Karl Rove's Guide to the Conventions and Beyond

Karl Rove's Guide to the Conventions and Beyond

Why you should care

Because he’s already architected two winning presidential campaigns. 

The author, who curated our Presidential Daily Brief yesterday, was senior adviser and deputy chief of staff to President George W. Bush.

When have we seen a political season like this? The presumptive Republican nominee heads to Cleveland with many in his party wary or uneasy about him. As for the presumptive Democratic nominee, 56 percent of Americans — including 30 percent of Dems — say she should have been charged with a crime over her email server. Even the political calendar is more intense than usual: The last time the two parties’ gatherings were back-to-back was 60 years ago, in 1956. How two solid weeks of convention news coverage plays out — and to whose advantage — will be interesting.

As we head into the week, it’s worth remembering:

Trump Is the Underdog

While polls show a close race, Donald Trump is the underdog. His recent movement in the polls is largely because of Hillary Clinton moving down after FBI Director James Comey’s scathing news conference, and not from The Donald moving up. In a preview of the conventions last week, I argued that to get a big bounce from the convention, Trump must put forth a constructive, unifying message. It’ll be a lot harder than it sounds: He’ll have to play to the TV viewers at home, not the thousands of gung ho supporters in the hall, which means delivering something other than his typical rally speech.

The Veep?
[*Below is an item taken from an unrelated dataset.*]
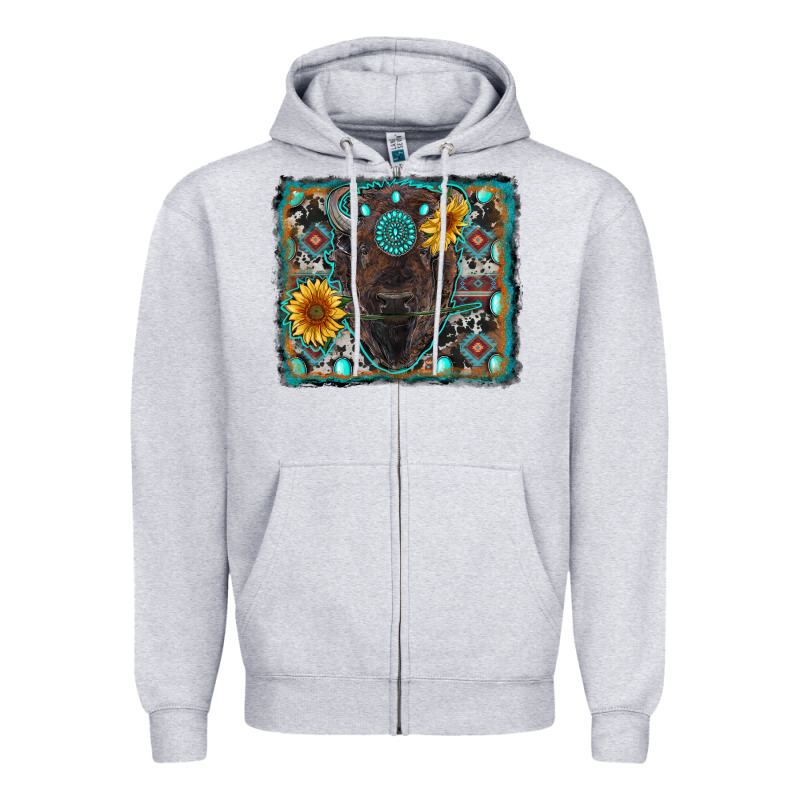 American Bison Wıth Sunflower And Gemstone Zipper Hoodie by RanaPortraitStore | Teevron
Not So Important, Electorally

With all the hype and hubbub about vice presidential choices, it’s worth remembering that a running mate has a net effect on voter behavior of a mere 1 percent, according to a 2010 study by professors Bernard Grofman and Reuben Kline of University of California, Irvine. And yet, we shouldn’t discount the indirect effects a vice presidential nominee can have. The “right” choice can mobilize more partisans to turn out and even cause voters to have a better opinion of the presidential nominee. But my sense is that the best standards for a running mate are not political, but governing: Who would make the best Oval Office partner? Who could step in if something happened to the president?

Looking Ahead to January 2017: Hope?

Call me hopelessly optimistic, but the next president may find Congress ready to legislate after years of gridlock. There’s evidence from Capitol Hill’s performance that both Republicans and Democrats are fed up with Washington’s dysfunctional, polarized atmosphere. Despite Senate Minority Leader Harry Reid’s filibuster attempts, the Senate has passed and the president has signed more bills this year than any time since 1990. And the House is also above its modern average for bills considered and votes taken. It will be interesting to see if the new president seizes the opportunity that the leadership of Speaker Paul Ryan and Majority Leader Mitch McConnell has created.